Not only this, a major privacy flaw allowed users to see who one was emailing and chatting too. While this was quickly changed and 'reset' by Google, it had already left a bitter taste for many of Google's users.
Censorship has been a huge topic for Google to try and deal with. It complies heavily with DMCA (Digital Millennium Copyright Act) requests on a regular basis and filters out searches. It also responds and complies to requests for the removal of other potentially damaging information.
Its presence in China alone has stirred many comments regarding the government's poor human rights record and lacking in freedom of speech legislation.
YouTube, also featured later in this slideshow, removes vast numbers of video each day.
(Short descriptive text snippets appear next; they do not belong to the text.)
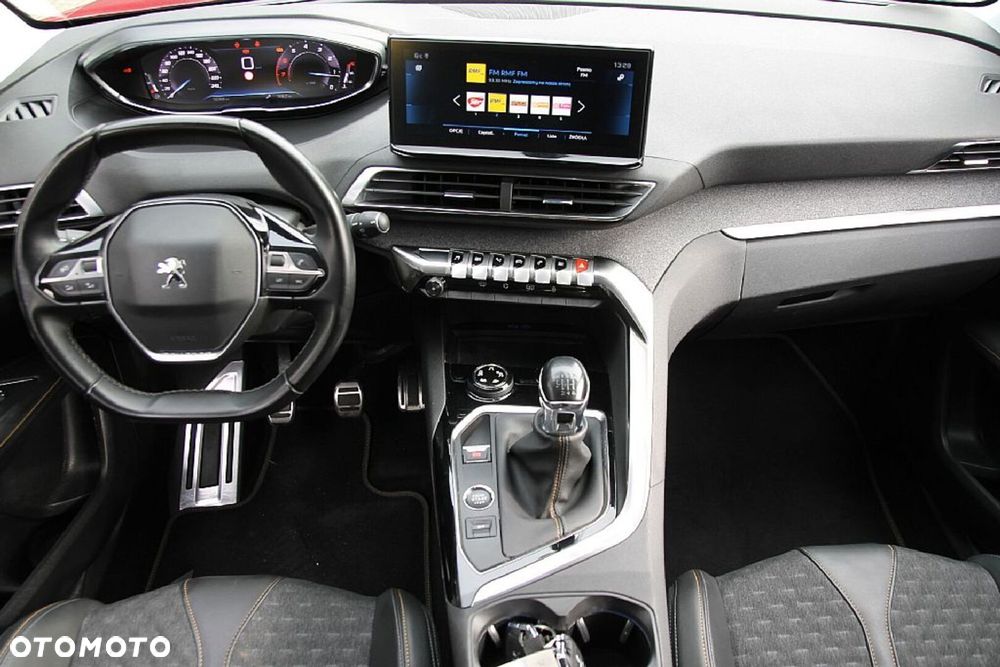 Peugeot 3008 1.2 PureTech Road Trip S&S - 20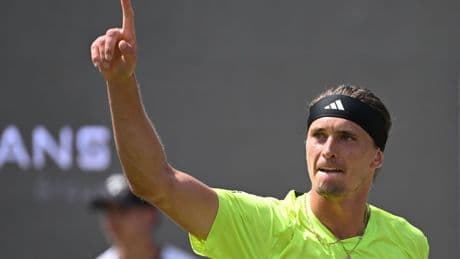 Tennis in Stuttgart: Nach Zoo-Besuch und Golf-Trip: Zverev bereit für Angstgegner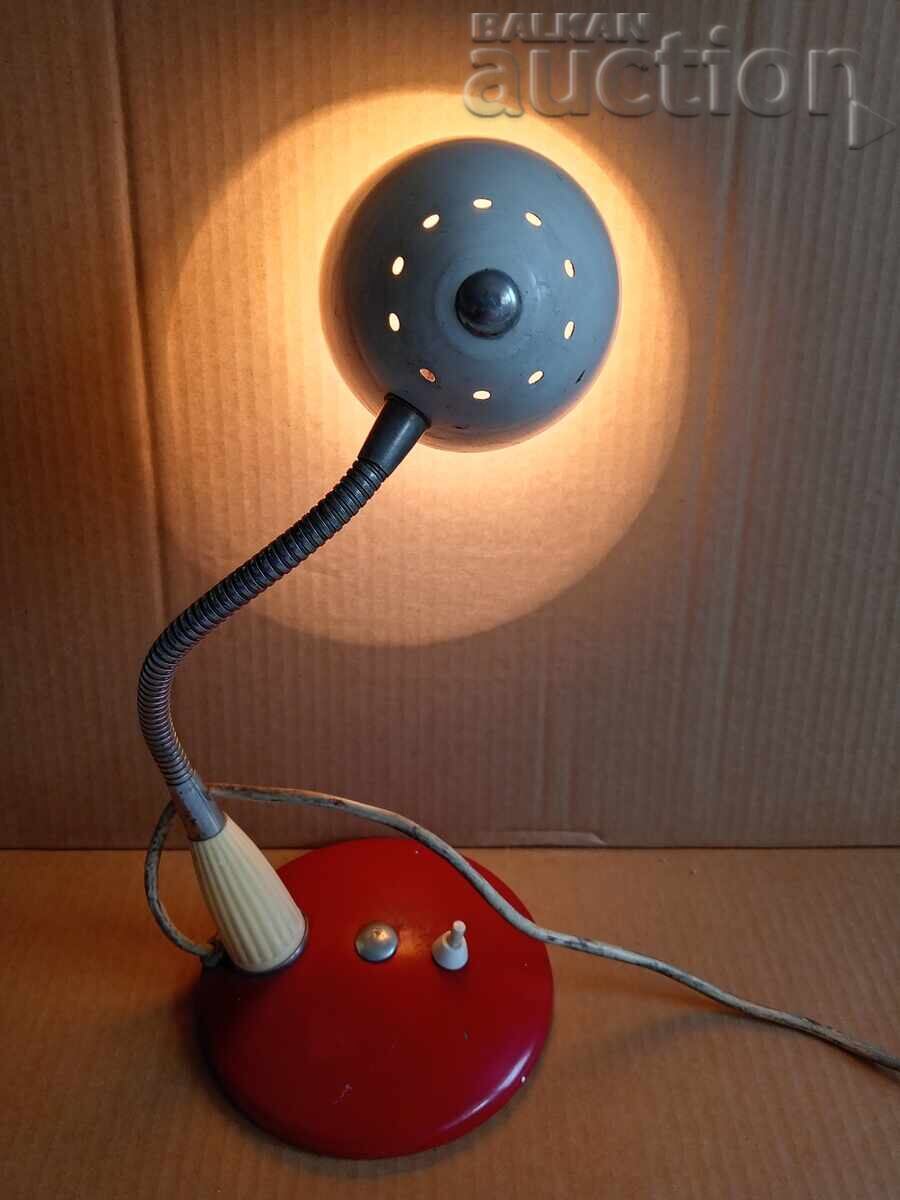 Licitație lampă retro anii 60 anii 70 pentru masă birou vintage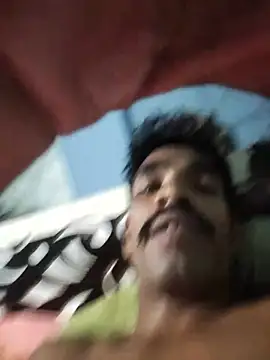RAYI_Queen_4n Webbikameraesitys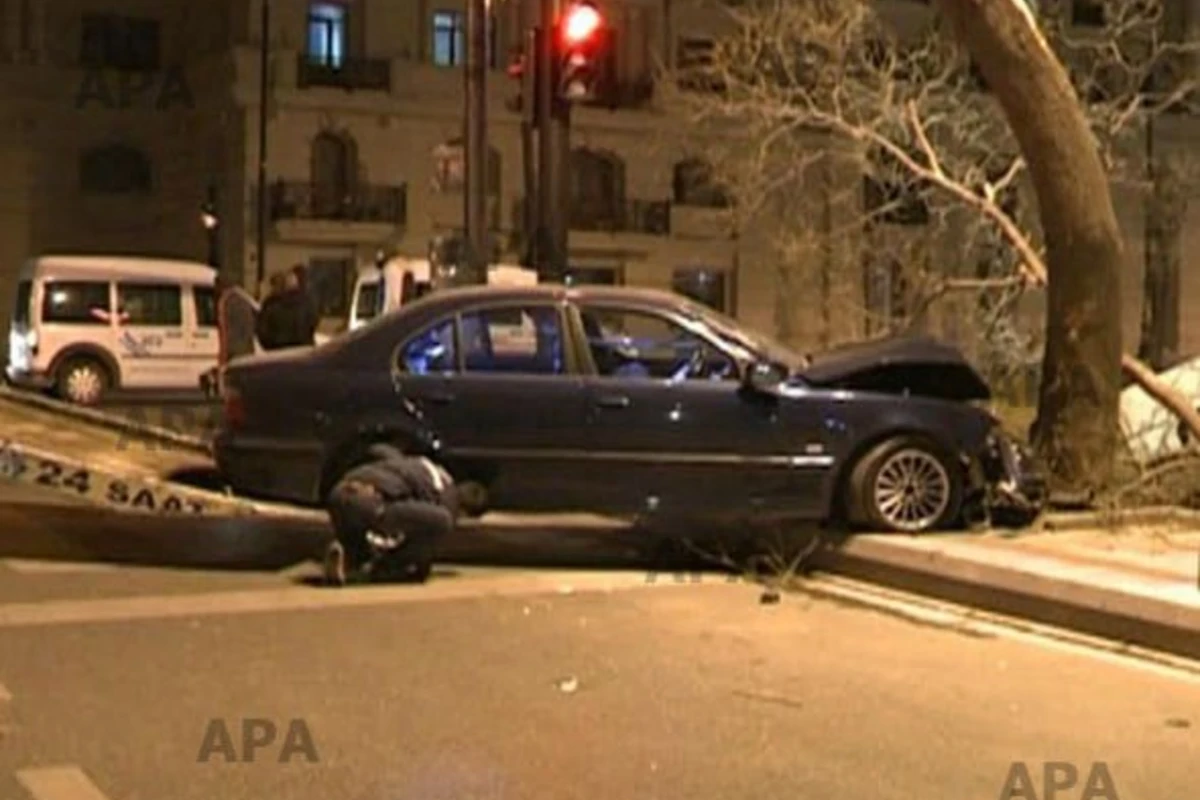 В Баку автомобиль врезался в дерево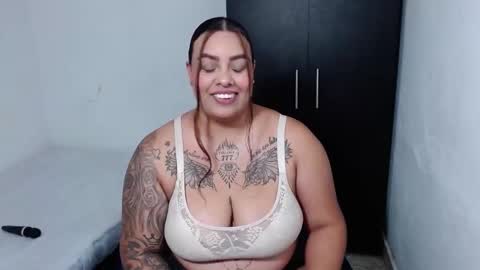 Snapshot of isabella_hots chatting on 11.28.25 estefania online show from 11.28.25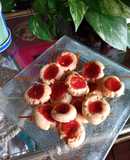 Pepas de mascabo y dulce de ciruela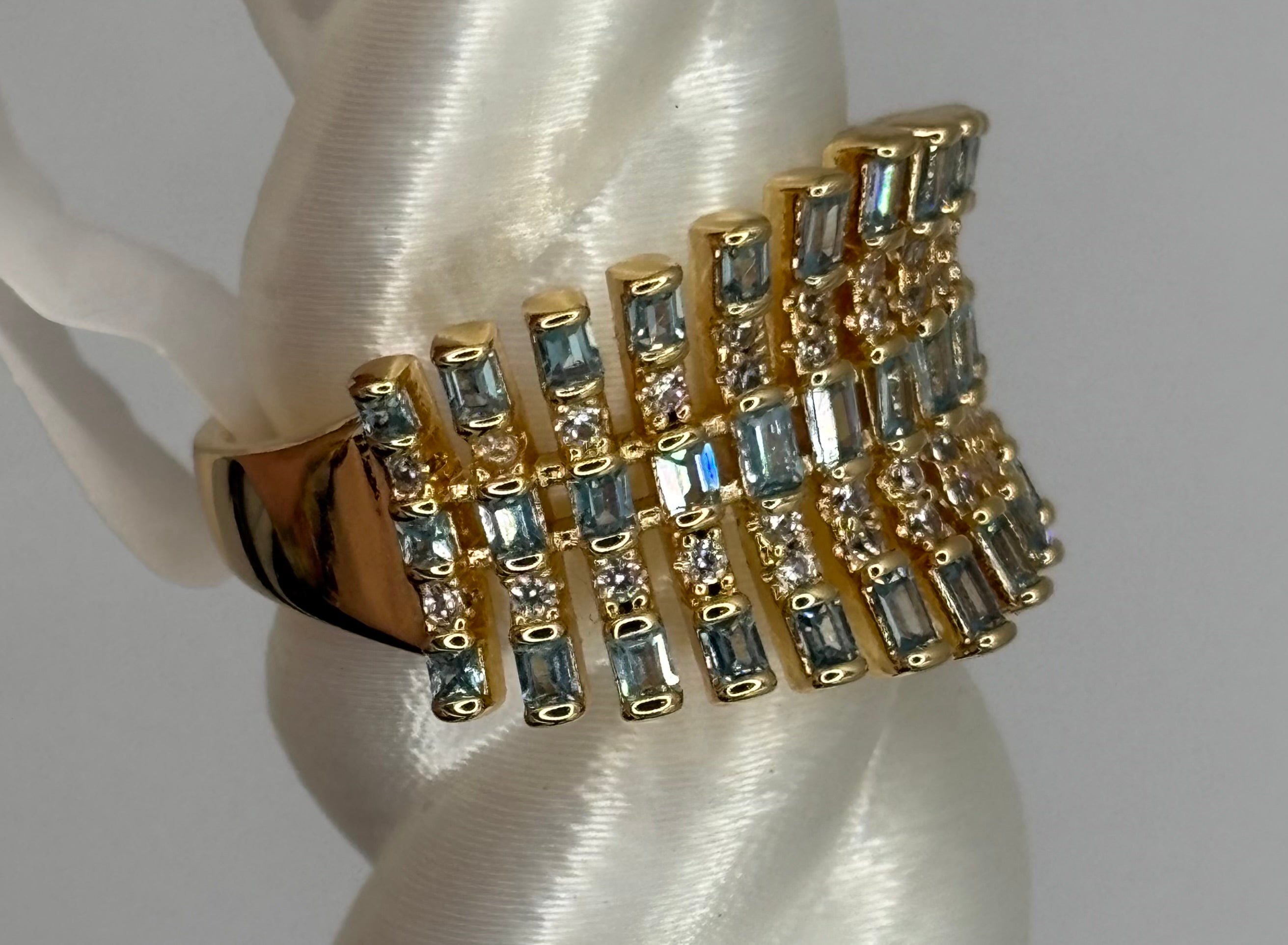 BP Rare Unicorn The Arabella Ring Size 9 March 2026
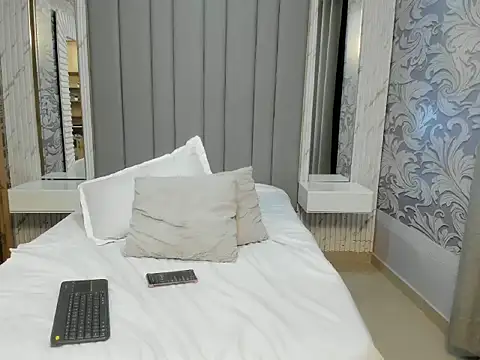 miley_sexxx's cam snapshot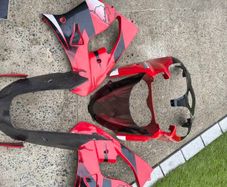 Kawasaki ZX-9R Fairings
On the other hand, many of these include content copyrighted by others, and YouTube has had in place for some time the function to disallow even the publishing of videos which may contain music or content held in its copyright database.
Google came under heavy fire from critics and supporters alike, when it was discovered that a rogue piece of code in Google Maps' Street View cars allowed the collection of unencrypted wireless data, from houses and businesses as it drove by.
After Google admitted its mistake, through a data audit demanded by Germany's data protection authority, the company said it would not delete the data even though the British data protection agency said that it could be.
Google faces criminal investigations in Germany, and was only given a 'slap on the wrist' by British regulators. But Germany's data protection laws are far stricter, even though all EU countries read from the same European data protection directive.